Entrepreneurs shouldn't overlook the need to diversify

Thought of the day

by Chief Investment Office 09 Jul 2019

Entrepreneurs typically have much of their wealth tied up in their businesses. This concentration of capital can generate significant returns. For example, 89 Chinese and 30 American business owners became billionaires in 2017, according to the 2018 UBS/PwC Billionaires Report.

But concentration can also have a number of drawbacks. It can reduce available liquidity to finance expenditure needs. It can lead to overexposure to a single country, currency, and asset class. And it can spur lapses of judgment that harm wealth. Equally, salaried executives depend on the fortunes of the firm and the industry in which they work and are often largely paid in their company’s stock, leading them to hold far more of it than they might by choice.

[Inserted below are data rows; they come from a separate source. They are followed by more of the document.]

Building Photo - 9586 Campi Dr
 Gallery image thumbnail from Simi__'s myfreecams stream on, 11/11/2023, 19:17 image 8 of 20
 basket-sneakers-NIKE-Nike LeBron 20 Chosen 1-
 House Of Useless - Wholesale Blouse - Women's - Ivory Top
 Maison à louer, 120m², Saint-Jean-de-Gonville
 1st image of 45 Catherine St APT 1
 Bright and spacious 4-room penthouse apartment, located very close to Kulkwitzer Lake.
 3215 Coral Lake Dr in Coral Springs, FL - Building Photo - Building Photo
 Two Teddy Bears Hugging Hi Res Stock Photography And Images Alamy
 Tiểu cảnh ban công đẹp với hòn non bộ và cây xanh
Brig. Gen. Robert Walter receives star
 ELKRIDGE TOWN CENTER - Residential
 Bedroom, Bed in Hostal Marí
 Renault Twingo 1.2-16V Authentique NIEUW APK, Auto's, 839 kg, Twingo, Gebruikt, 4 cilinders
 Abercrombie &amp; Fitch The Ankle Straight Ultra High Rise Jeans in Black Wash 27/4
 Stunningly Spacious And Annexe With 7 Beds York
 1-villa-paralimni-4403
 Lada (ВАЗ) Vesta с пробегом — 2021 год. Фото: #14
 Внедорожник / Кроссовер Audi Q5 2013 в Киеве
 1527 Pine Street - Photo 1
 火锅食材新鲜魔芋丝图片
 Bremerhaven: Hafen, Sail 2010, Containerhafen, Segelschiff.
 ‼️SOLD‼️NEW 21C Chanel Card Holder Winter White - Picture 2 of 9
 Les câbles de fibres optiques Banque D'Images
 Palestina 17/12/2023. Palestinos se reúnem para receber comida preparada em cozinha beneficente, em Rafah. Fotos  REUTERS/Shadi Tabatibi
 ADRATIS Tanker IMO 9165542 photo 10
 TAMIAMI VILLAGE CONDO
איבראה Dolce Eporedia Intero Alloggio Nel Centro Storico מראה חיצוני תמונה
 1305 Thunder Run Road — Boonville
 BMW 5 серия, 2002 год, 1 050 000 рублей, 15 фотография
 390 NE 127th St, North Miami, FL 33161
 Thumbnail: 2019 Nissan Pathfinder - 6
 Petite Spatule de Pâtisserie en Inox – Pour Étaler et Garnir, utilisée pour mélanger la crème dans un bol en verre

Private business owners that are members of the UBS Industry Leader Network* say families that diversify their assets and income away from their main business can work with a long-term mindset. Entrepreneurs should consider releasing capital—through drawing dividends, borrowing, and other tax-efficient vehicles—for reinvestment to diversify their exposure.

  • Diversify your existing business. Entrepreneurs could buy another venture. In the ideal case this could create a second fortune—for example, some entrepreneurs in the coal industry were quick to spot the potential of shale. On the downside, this strategy can be risky, and does not provide the same diversification benefits as a portfolio of publicly traded securities.
  • Don't give up on stocks. Owning a business doesn’t mean you should avoid stocks that offer high potential returns. The correlation between individual micro-cap stocks and the S&P 500 index is very low, so entrepreneurs are not typically as overexposed to equities as they might believe. Entrepreneurs with more mature businesses may prefer a traditional diversified portfolio split between global equities and bonds. Younger entrepreneurs with fast-growing businesses and long investment horizons may look for higher-risk options.
  • Tailor your portfolio where needed. Entrepreneurs may want to “tailor” their portfolio. You might look to reduce portfolio exposure to regions, countries, or sectors to which your business is significantly exposed.
  • If you can't beat them, invest in them. One of the bolder approaches is to look for businesses with the potential to disrupt your firm. Several manufacturing entrepreneurs in the UBS Industry Leader Network*, for example, are increasingly investing in automation and smart production lines to avoid competitive threats. We identify a number of long-term investment themes that seek to take advantage of disruptive trends.
  • Hold enough liquidity...but not too much. Entrepreneurs typically need more liquidity than the average investor, for example to pursue opportunistic business projects. But entrepreneurs often hold more cash than they need, even for an emergency. We recommend that business owners hold three to five years' worth of lifestyle expenditure in liquid assets. Beyond this amount, entrepreneurs run the risk that their portfolio won't contribute to achieving their financial goals.

Holding assets outside your business can help you reduce swings in your income, make it easier to rebound from setbacks, and maintain your obligations to family and charities. External investments can also help you seize opportunities, fund future projects, and protect your wealth. Read more in our report, “How to diversify as a business owner (PDF, 558 KB).”

*The UBS Industry Leader Network is a global group of UBS clients and prospects who are private business owners and executives. Their views may differ from those of UBS.